In order to constitute grossly indecent behavior, the acts must be overt in the sense that they are open and perceivable. The motivation for the behavior can be inferred from the totality of the circumstances and should be considered case by case. Jones, supra at 602, 563 N.W.2d 719. Clearly, it is easier to establish the sexual motivation for the behavior if the act in issue involves sexual intercourse, oral sexual stimulation, masturbation, or the touching of another person's genitals or anus. Nonetheless, the sexual nature of the activity can be inferred even in the absence of such behavior.

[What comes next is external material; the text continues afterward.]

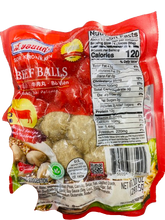 Sor Khonkaen - Frozen Meatball ลูกชิ้นแช่แข็ง ส.ขอนแก่น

After reviewing the evidence presented at the preliminary hearing, we conclude the district court abused its discretion in failing to bind over defendant on three counts of gross indecency. The evidence showed that from June 1998 to December *473 1998, defendant paid several minor females to engage in the behavior previously described. The three girls who testified at the preliminary hearing indicated that they had been approached by defendant and asked to participate in a "contest," for which they would earn points for engaging in these behaviors. Usually, these activities took place inside defendant's home. The evidence shows that there were numerous instances of such contact. One girl testified that she was at defendant's house between thirty and forty times during those approximately seven months. The other two testified that they were at the house somewhere between ten and twenty times. There was also testimony that defendant "got high" from this contact, and that he "liked it." While not necessarily constituting proof beyond a reasonable doubt, we do believe that this evidence and the reasonable inferences drawn therefrom are "`sufficient to cause a person of ordinary prudence and caution to conscientiously entertain a reasonable belief'" that the crime of gross indecency was committed and that there was probable cause to believe defendant committed it. People v. Justice (After Remand), 454 Mich. 334, 344, 562 N.W.2d 652 (1997), quoting Coleman v. Burnett, 155 U.S. App DC 302, 317, 477 F.2d 1187 (1973). Reversed and remanded to the circuit court for further proceedings consistent with this case. We do not retain jurisdiction.
NOTES
[1] It is clear to us from the transcript that when questioned regarding whether defendant "sexually gratified" himself, the phrase, "sexually gratified," was a euphemism for masturbation. Also, it seems clear from the context that the questions posed on overt sexual touching were understood to be addressing whether there had been any sexual touching of genitalia, the anus, or any other more common sexual contact of which a minor child might have knowledge.
[2] The circuit court focused on that portion of the consolidated cases in Lino addressing this Court's opinion in People v. Brashier, 197 Mich.App. 672, 496 N.W.2d 385 (1992), aff'd. in part and rev'd in part in Lino, supra.